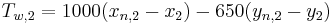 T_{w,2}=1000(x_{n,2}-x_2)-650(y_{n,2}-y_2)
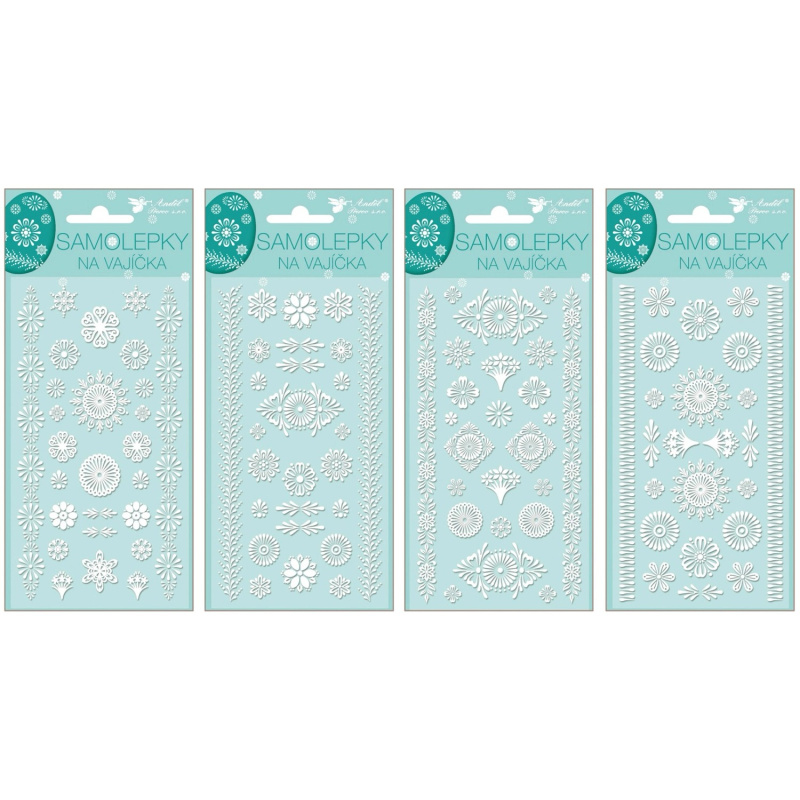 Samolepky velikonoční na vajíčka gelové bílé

---

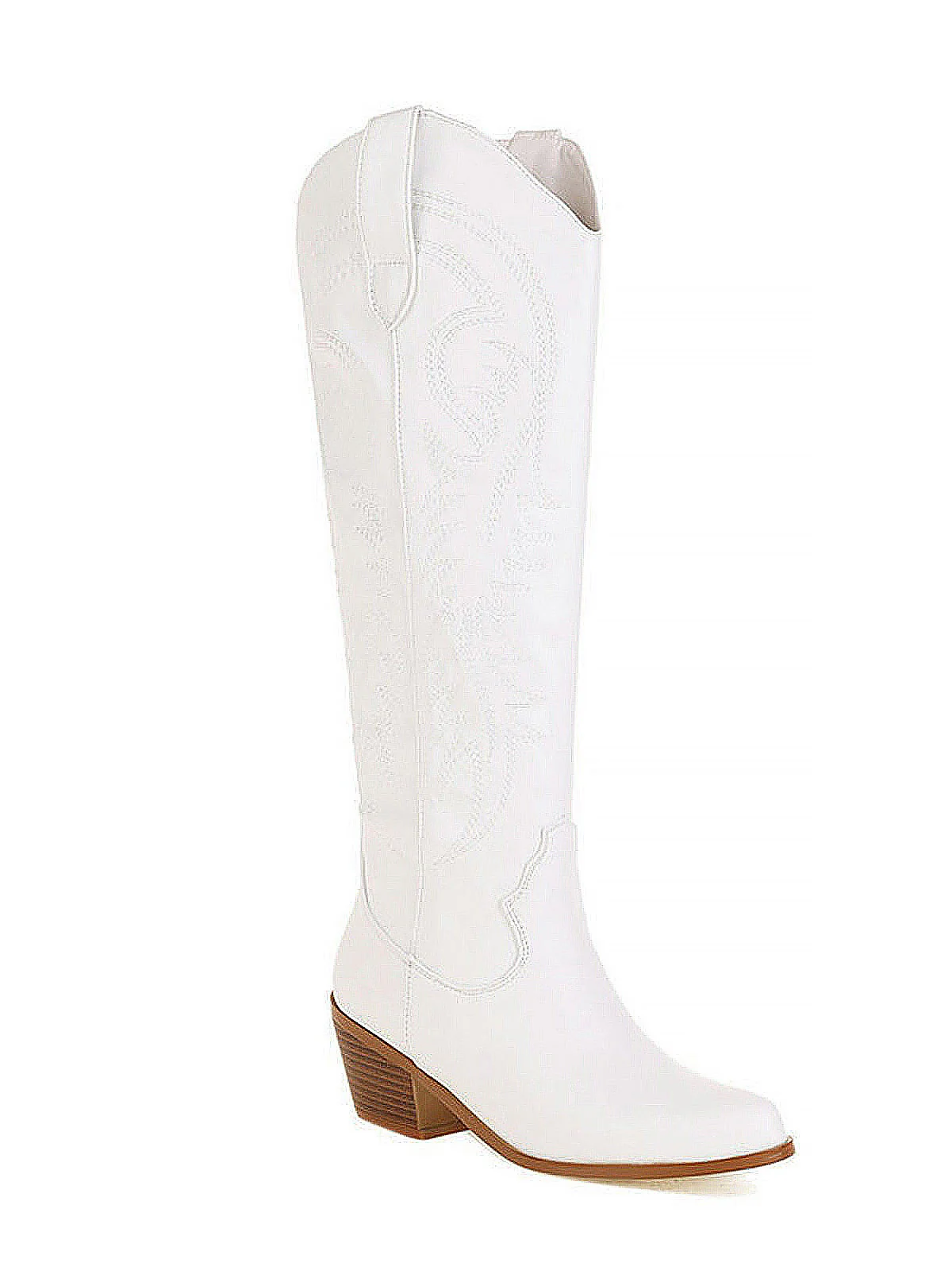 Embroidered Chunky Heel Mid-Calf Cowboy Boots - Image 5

---

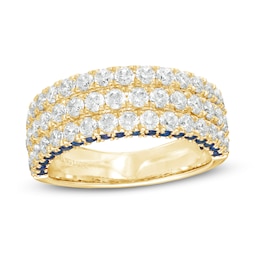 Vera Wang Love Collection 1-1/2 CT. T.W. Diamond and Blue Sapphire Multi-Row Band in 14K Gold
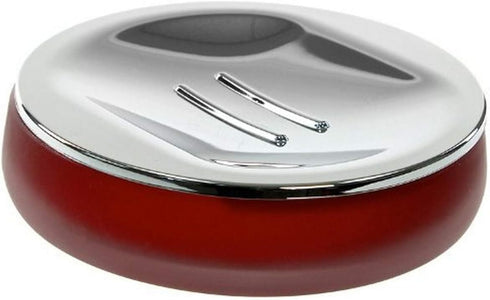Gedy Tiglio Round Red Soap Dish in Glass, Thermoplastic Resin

▶ **REQUIREMENT**: While skipping the pictures, transcribe the data above from the line showing "Vera Wang Love" through the line showing "Gedy Tiglio Round", exactly and with both ends.

▶ **EXPECTED ANSWER**:
 Vera Wang Love Collection 1-1/2 CT. T.W. Diamond and Blue Sapphire Multi-Row Band in 14K Gold
Gedy Tiglio Round Red Soap Dish in Glass, Thermoplastic Resin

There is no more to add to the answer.